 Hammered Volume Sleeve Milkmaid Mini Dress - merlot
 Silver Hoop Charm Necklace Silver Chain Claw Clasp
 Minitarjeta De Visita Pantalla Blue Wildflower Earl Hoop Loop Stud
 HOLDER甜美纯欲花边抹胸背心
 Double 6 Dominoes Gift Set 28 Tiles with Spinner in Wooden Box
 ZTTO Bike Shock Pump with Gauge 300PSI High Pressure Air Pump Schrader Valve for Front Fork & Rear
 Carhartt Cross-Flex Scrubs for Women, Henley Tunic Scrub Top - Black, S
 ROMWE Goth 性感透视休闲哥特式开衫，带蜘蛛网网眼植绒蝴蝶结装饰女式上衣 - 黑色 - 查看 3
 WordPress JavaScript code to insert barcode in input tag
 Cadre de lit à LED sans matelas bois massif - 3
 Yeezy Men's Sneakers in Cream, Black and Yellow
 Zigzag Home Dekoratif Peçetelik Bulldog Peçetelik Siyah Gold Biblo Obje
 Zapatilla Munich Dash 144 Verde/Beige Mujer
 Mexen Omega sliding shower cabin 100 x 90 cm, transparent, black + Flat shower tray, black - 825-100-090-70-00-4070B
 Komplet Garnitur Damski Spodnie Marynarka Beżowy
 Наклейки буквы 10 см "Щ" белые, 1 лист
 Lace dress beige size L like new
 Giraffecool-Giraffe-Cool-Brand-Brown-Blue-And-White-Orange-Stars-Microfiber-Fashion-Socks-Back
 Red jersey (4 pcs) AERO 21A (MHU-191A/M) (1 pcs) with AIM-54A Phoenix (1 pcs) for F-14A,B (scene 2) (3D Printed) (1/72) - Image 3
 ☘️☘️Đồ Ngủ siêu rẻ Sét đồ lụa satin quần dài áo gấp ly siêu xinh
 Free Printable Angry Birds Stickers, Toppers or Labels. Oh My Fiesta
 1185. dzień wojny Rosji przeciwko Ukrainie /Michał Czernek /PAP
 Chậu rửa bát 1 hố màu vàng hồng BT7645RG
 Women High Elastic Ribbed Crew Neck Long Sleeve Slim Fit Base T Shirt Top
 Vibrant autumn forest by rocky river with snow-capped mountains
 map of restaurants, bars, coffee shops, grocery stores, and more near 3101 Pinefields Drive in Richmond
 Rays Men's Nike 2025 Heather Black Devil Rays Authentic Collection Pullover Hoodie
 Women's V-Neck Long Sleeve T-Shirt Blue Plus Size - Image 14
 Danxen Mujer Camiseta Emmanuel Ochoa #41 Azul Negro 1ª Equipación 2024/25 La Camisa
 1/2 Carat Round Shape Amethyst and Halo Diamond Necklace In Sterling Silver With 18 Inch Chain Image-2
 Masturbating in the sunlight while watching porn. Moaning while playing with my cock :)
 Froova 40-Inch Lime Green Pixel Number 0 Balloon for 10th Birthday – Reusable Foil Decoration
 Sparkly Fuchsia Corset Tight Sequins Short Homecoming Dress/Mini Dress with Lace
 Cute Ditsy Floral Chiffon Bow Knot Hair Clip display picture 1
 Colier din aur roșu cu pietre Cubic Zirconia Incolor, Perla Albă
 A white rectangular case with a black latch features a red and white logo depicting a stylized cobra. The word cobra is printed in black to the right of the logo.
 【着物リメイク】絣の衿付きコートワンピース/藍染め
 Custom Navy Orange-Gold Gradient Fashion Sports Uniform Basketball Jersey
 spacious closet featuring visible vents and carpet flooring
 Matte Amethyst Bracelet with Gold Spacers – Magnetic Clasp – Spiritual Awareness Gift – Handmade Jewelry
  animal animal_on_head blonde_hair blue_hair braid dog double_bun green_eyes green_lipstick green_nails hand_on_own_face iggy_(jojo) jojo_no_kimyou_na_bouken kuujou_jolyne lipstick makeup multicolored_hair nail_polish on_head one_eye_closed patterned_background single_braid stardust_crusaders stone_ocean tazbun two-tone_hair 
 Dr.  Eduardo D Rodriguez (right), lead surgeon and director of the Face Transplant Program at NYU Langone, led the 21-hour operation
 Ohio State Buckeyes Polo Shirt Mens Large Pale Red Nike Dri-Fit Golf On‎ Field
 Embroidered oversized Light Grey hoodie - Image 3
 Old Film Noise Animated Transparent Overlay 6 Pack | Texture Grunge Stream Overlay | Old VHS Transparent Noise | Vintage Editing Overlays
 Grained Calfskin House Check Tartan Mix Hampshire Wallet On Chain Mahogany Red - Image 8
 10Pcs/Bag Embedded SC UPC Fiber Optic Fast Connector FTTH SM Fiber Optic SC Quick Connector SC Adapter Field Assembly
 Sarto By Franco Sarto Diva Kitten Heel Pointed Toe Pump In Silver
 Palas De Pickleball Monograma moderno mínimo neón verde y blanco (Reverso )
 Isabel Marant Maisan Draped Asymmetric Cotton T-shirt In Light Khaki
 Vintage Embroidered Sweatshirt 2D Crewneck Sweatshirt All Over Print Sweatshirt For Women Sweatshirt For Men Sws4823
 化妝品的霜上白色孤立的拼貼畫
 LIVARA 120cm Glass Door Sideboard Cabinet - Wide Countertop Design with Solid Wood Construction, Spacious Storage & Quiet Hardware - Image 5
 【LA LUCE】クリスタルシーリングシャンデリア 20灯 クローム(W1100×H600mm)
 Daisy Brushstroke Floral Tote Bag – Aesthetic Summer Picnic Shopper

▶ [Activity]
Beginning with the line that contains "Grained Calfskin House" and ending with the last line of the data above, return those lines exactly and nothing else.

▶ [Answer]
 Grained Calfskin House Check Tartan Mix Hampshire Wallet On Chain Mahogany Red - Image 8
 10Pcs/Bag Embedded SC UPC Fiber Optic Fast Connector FTTH SM Fiber Optic SC Quick Connector SC Adapter Field Assembly
 Sarto By Franco Sarto Diva Kitten Heel Pointed Toe Pump In Silver
 Palas De Pickleball Monograma moderno mínimo neón verde y blanco (Reverso )
 Isabel Marant Maisan Draped Asymmetric Cotton T-shirt In Light Khaki
 Vintage Embroidered Sweatshirt 2D Crewneck Sweatshirt All Over Print Sweatshirt For Women Sweatshirt For Men Sws4823
 化妝品的霜上白色孤立的拼貼畫
 LIVARA 120cm Glass Door Sideboard Cabinet - Wide Countertop Design with Solid Wood Construction, Spacious Storage & Quiet Hardware - Image 5
 【LA LUCE】クリスタルシーリングシャンデリア 20灯 クローム(W1100×H600mm)
 Daisy Brushstroke Floral Tote Bag – Aesthetic Summer Picnic Shopper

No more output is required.